How to use regexp_replace with contains?-CodePudding

I use this function to find if the pattern is in the column and replace it with the replacement but it does not give.

Can someone tell where I make the mistakes?

patterns = [
    '15/19',
    '14/11',
    'HTP',
    'VTP'
]

replacements = [
    'S15/19',
    'S11/14',
    'HTP',
    'VTP'
]
def formate_column(output_column, df, patterns, replacements):
    for p, r in zip(patterns, replacements):
        df = (
            df.withColumn(output_column, F.when(F.col("column").contains(p), F.regexp_replace(F.col("column"), p, r)).otherwise(F.col("column")))
            
    )
    return df

CodePudding user response：

You could move your both lists into one dictionary.

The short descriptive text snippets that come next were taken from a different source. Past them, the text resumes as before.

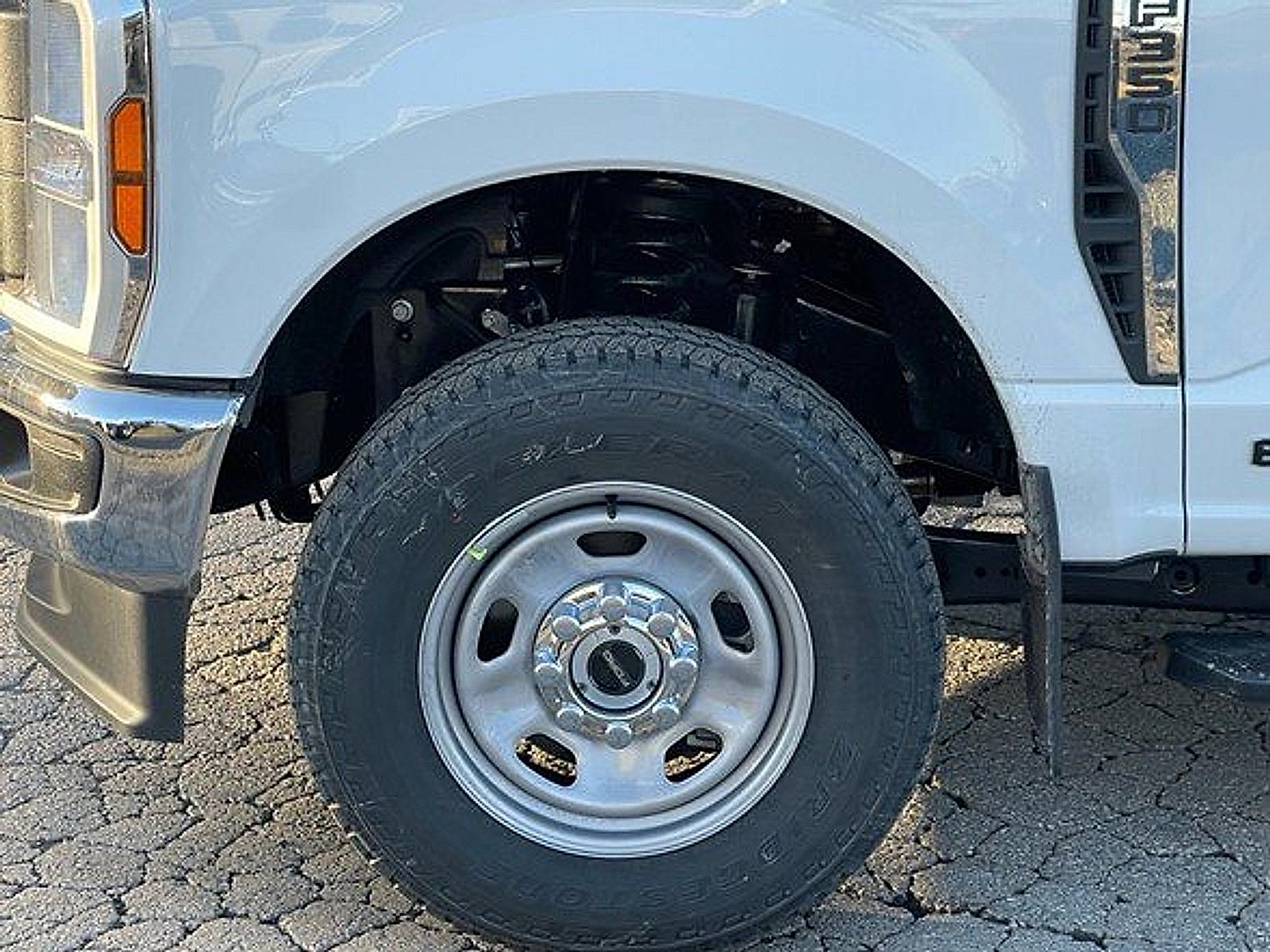 New 2025 Ford F350 XL w/ XL Chrome Package AWD/4WD image 13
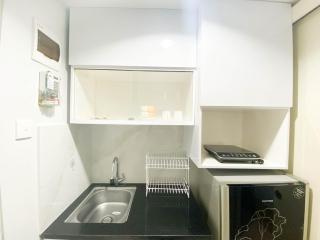 Homey 1BR without Living Room at Amartha View Apartment By Travelio - 7
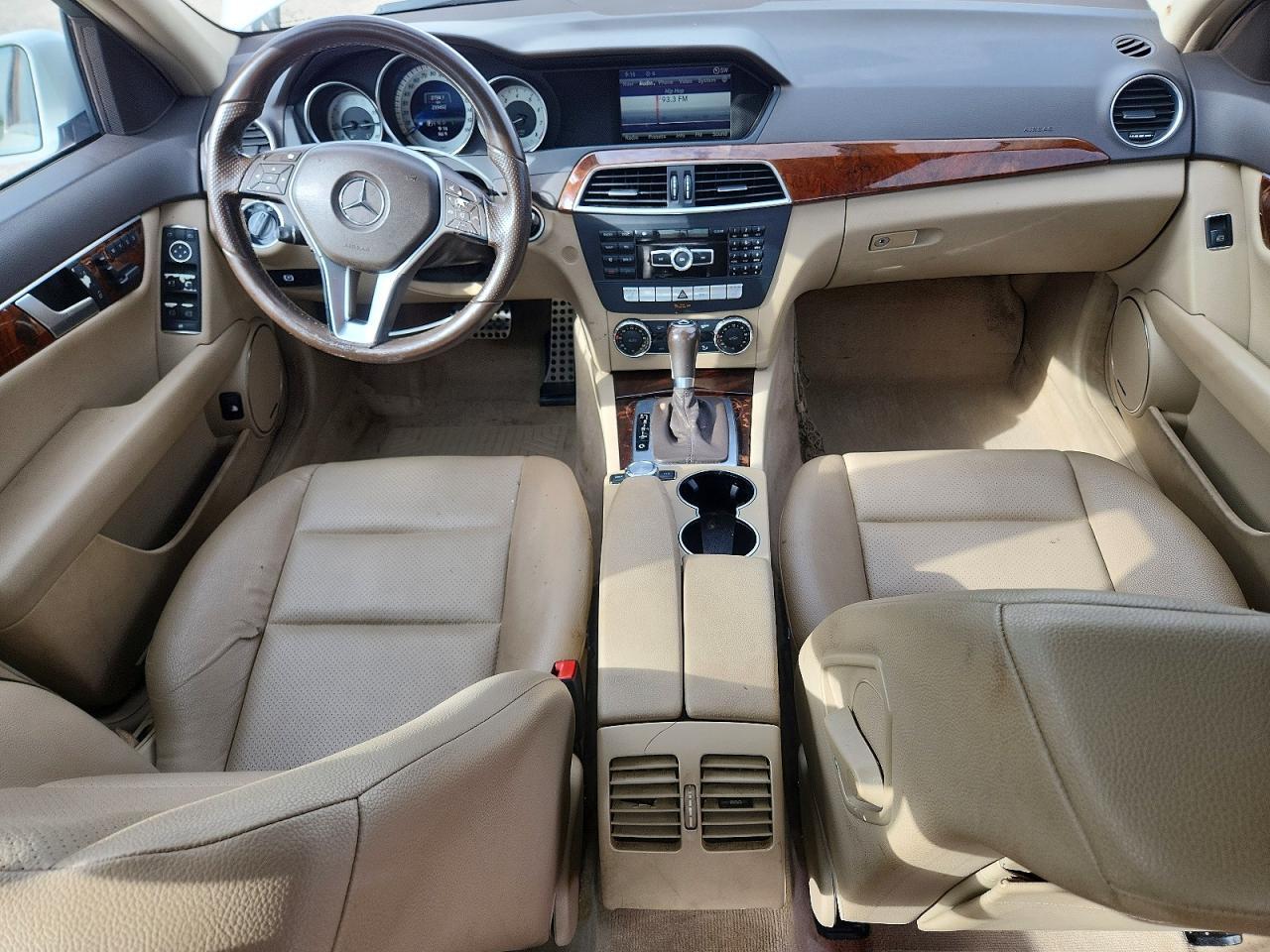 2013 Mercedes-Benz C 300 4Matic - zdjęcie 8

Then, looping will be easy and efficient. You don't need when/otherwise. It's enough to use regexp_replace, because if a match is not found, nothing is being replaced in the string.

Input:

from pyspark.sql import functions as F
df = spark.createDataFrame([("xx_15/19_",), ("_14/11111",), ("no",)], ["column"])
df.show()
#  --------- 
# |   column|
#  --------- 
# |xx_15/19_|
# |_14/11111|
# |       no|
#  ---------

Script:

patterns = {
    r'15/19'  :'S15/19',
    r'14/11'  :'S11/14',
    r'HTP'    :'HTP',
    r'VTP'    :'VTP'
}

for k, v in patterns.items():
    df = df.withColumn("column", F.regexp_replace("column", k, v))
df.show()
#  ---------- 
# |    column|
#  ---------- 
# |xx_S15/19_|
# |_S11/14111|
# |        no|
#  ---------- 

df.explain()
# == Physical Plan ==
# *(1) Project [regexp_replace(regexp_replace(regexp_replace(regexp_replace(column#619, 15/19, S15/19, 1), 14/11, S11/14, 1), HTP, HTP, 1), VTP, VTP, 1) AS column#632]
#  - *(1) Scan ExistingRDD[column#619]